What needs to be done | Once the pictures are set aside, reproduce the entries below exactly.

**** Data for this task ****

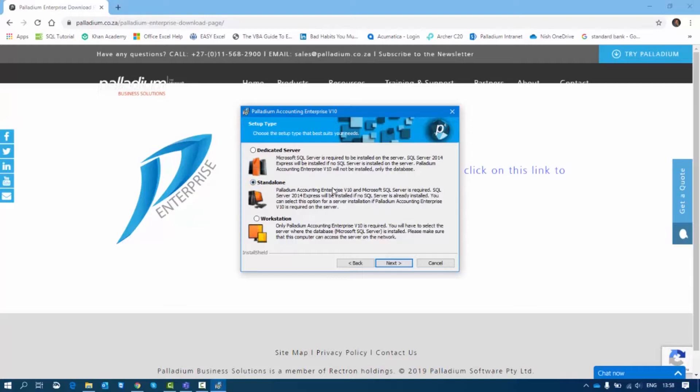For this video, I'm going to select Standalone so you can see how it installs SQL, how it installs Palladium Enterprise, and how it installs all the other prerequisites such as the Crystal Reports runtime.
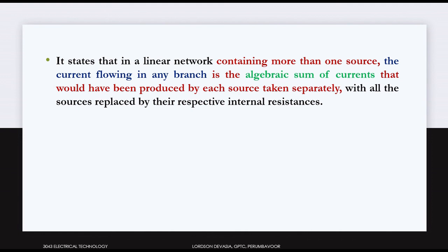It states that in a linear network containing more than one source, the current flowing in any branch is the algebraic sum of currents that would have been produced by each source taken separately, with all the sources replaced by their respective internal resistances. Thank you.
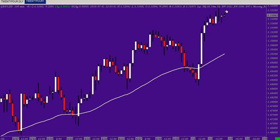The price must turn around again, come back and retest this white line, and then continue the movement to the upside if the uptrend is to continue. There's no weakness shown here because the price displays a higher high. We will see the next move — they come back, test this white line again, and continue the movement to the upside.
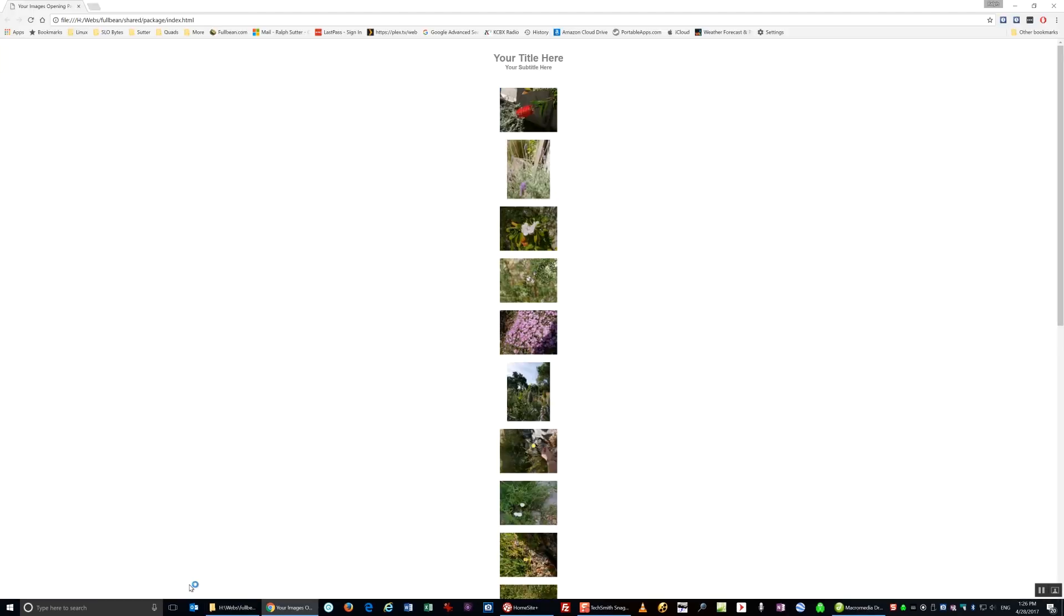So click on Index, and you'll see the results.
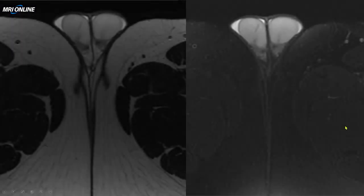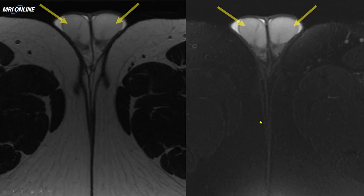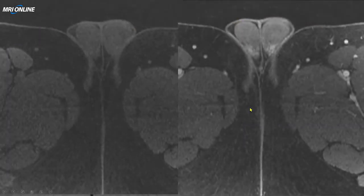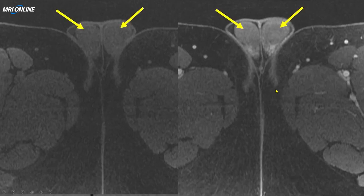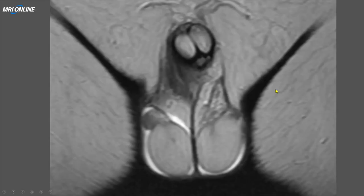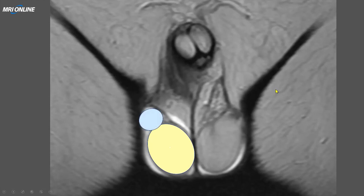Here we have a scrotal MR. These are T2-weighted images — the first one without fat saturation, the second with fat saturation. The testes are very homogeneous, intermediate signal, and we can see just a little bit of fluid around them. With T1-weighted images, without contrast and with contrast, the testes are homogeneous soft tissue intensity, and there is enhancement of the testis and the epididymis. We see the testis in the scrotal sac, the epididymis sitting above it with its head, the spermatic cord with its vessels, and usually a little crescent of fluid can be seen.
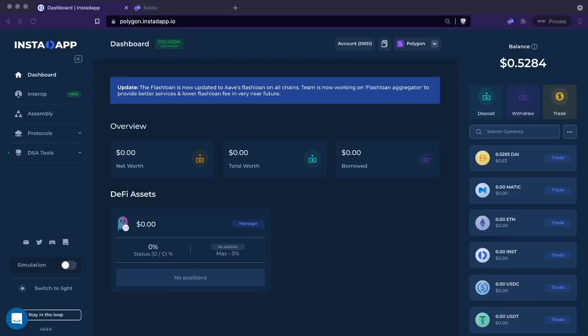Welcome to the Instadapt Interop Beta walkthrough video. We're going to walk you through how to use Interop. This is the first version, so it's limited to Aave on Polygon and Aave on Avalanche.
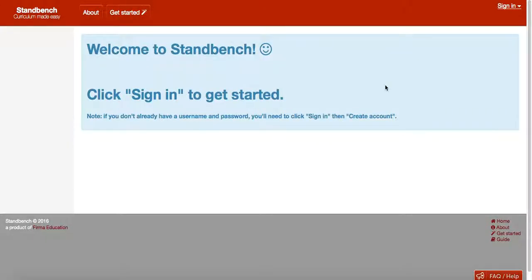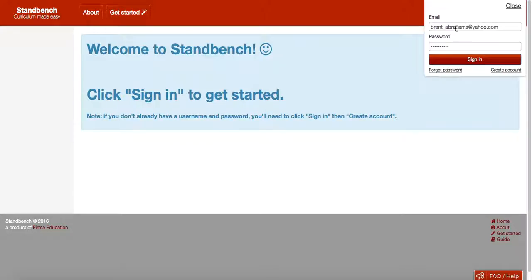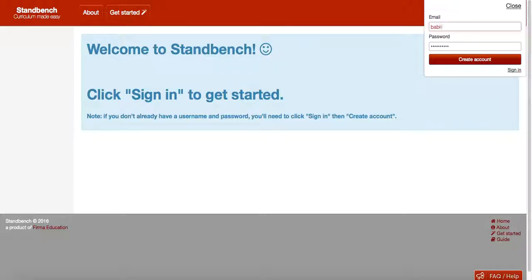To sign in to StandBench, we use the drop down in the top right corner. If it's your first time signing in, you'll need to create an account rather than just sign in directly. We can either sign in directly or create an account. Because we have no account in the system already, I'll do that.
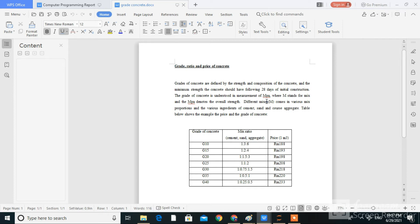For the project coding, I was responsible for doing the coding part. Before we start the project coding, I had to find the grade and the mix ratios of the concrete. We have grade 10 until grade 14. This table shows the grade of concrete, mix ratio, and the prices for 1 meter cube of concrete from grade 10 until grade 14.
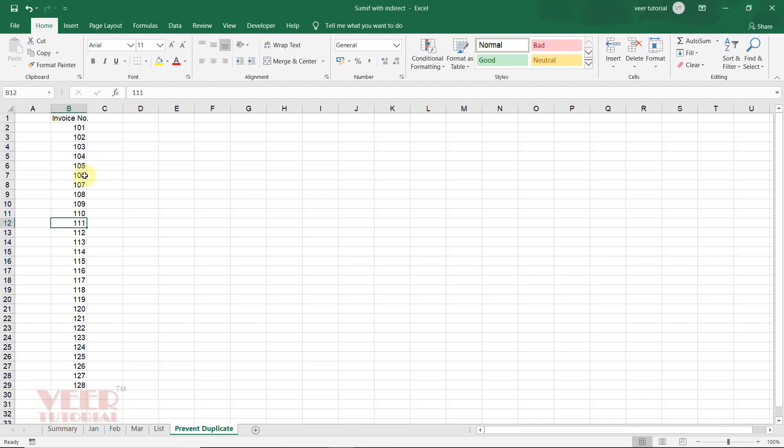As you're aware, in all organizations or businesses, invoice numbers are unique values. They cannot be duplicates in a particular period.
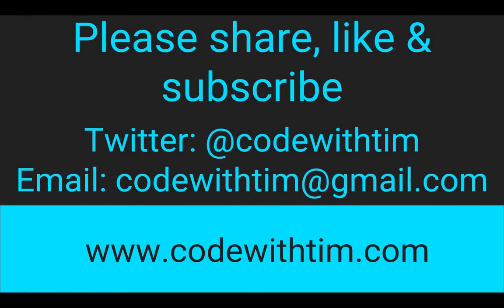Thanks for watching. If you enjoyed my video please like, share, and subscribe. If you've got any comments, suggestions, or ideas for videos, leave them in the comments below, send me a tweet at codewithtim, or send me an email codewithtim@gmail.com. I'll see you in the next video.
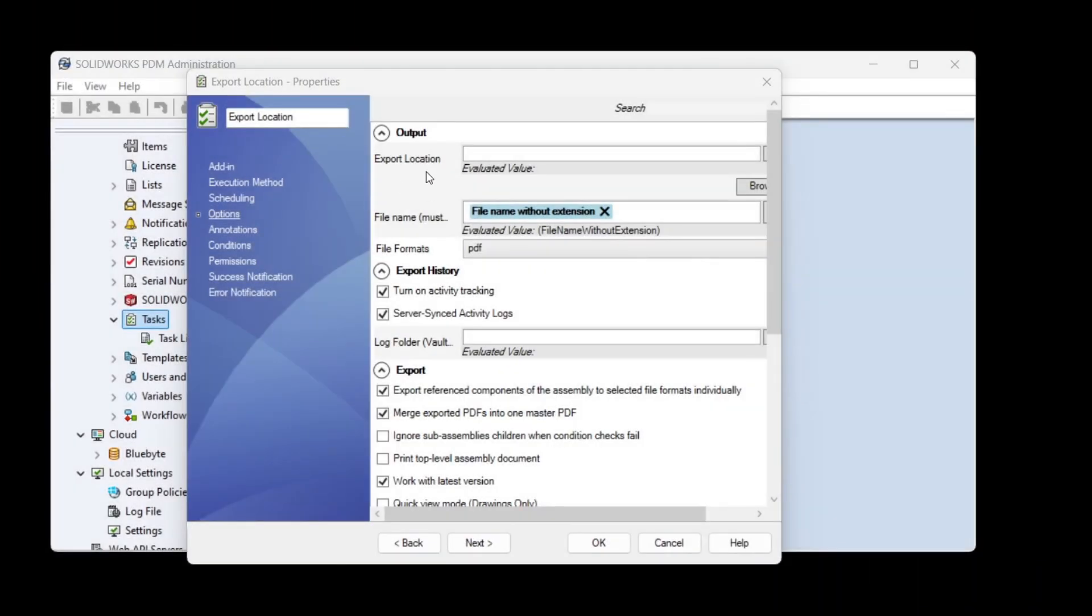In PDM Publisher, the export location is the folder where the task is going to export all of the reference documents of your top-level assembly. This location can be inside the vault or outside the vault.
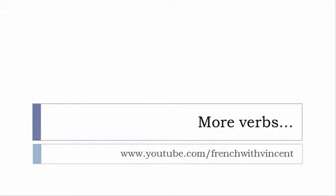If you want to see more verbs, www.youtube.com/frenchwithvincent is waiting for you. More than 6,500 verbs are available there, so you should find everything you want or need.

****

Solution for this problem |
For this video, I'm going to select Standalone so you can see how it installs SQL, how it installs Palladium Enterprise, and how it installs all the other prerequisites such as the Crystal Reports runtime.
It states that in a linear network containing more than one source, the current flowing in any branch is the algebraic sum of currents that would have been produced by each source taken separately, with all the sources replaced by their respective internal resistances. Thank you.
The price must turn around again, come back and retest this white line, and then continue the movement to the upside if the uptrend is to continue. There's no weakness shown here because the price displays a higher high. We will see the next move — they come back, test this white line again, and continue the movement to the upside.
So click on Index, and you'll see the results.
Here we have a scrotal MR. These are T2-weighted images — the first one without fat saturation, the second with fat saturation. The testes are very homogeneous, intermediate signal, and we can see just a little bit of fluid around them. With T1-weighted images, without contrast and with contrast, the testes are homogeneous soft tissue intensity, and there is enhancement of the testis and the epididymis. We see the testis in the scrotal sac, the epididymis sitting above it with its head, the spermatic cord with its vessels, and usually a little crescent of fluid can be seen.
Welcome to the Instadapt Interop Beta walkthrough video. We're going to walk you through how to use Interop. This is the first version, so it's limited to Aave on Polygon and Aave on Avalanche.
To sign in to StandBench, we use the drop down in the top right corner. If it's your first time signing in, you'll need to create an account rather than just sign in directly. We can either sign in directly or create an account. Because we have no account in the system already, I'll do that.
For the project coding, I was responsible for doing the coding part. Before we start the project coding, I had to find the grade and the mix ratios of the concrete. We have grade 10 until grade 14. This table shows the grade of concrete, mix ratio, and the prices for 1 meter cube of concrete from grade 10 until grade 14.
As you're aware, in all organizations or businesses, invoice numbers are unique values. They cannot be duplicates in a particular period.
Thanks for watching. If you enjoyed my video please like, share, and subscribe. If you've got any comments, suggestions, or ideas for videos, leave them in the comments below, send me a tweet at codewithtim, or send me an email codewithtim@gmail.com. I'll see you in the next video.
In PDM Publisher, the export location is the folder where the task is going to export all of the reference documents of your top-level assembly. This location can be inside the vault or outside the vault.
If you want to see more verbs, www.youtube.com/frenchwithvincent is waiting for you. More than 6,500 verbs are available there, so you should find everything you want or need.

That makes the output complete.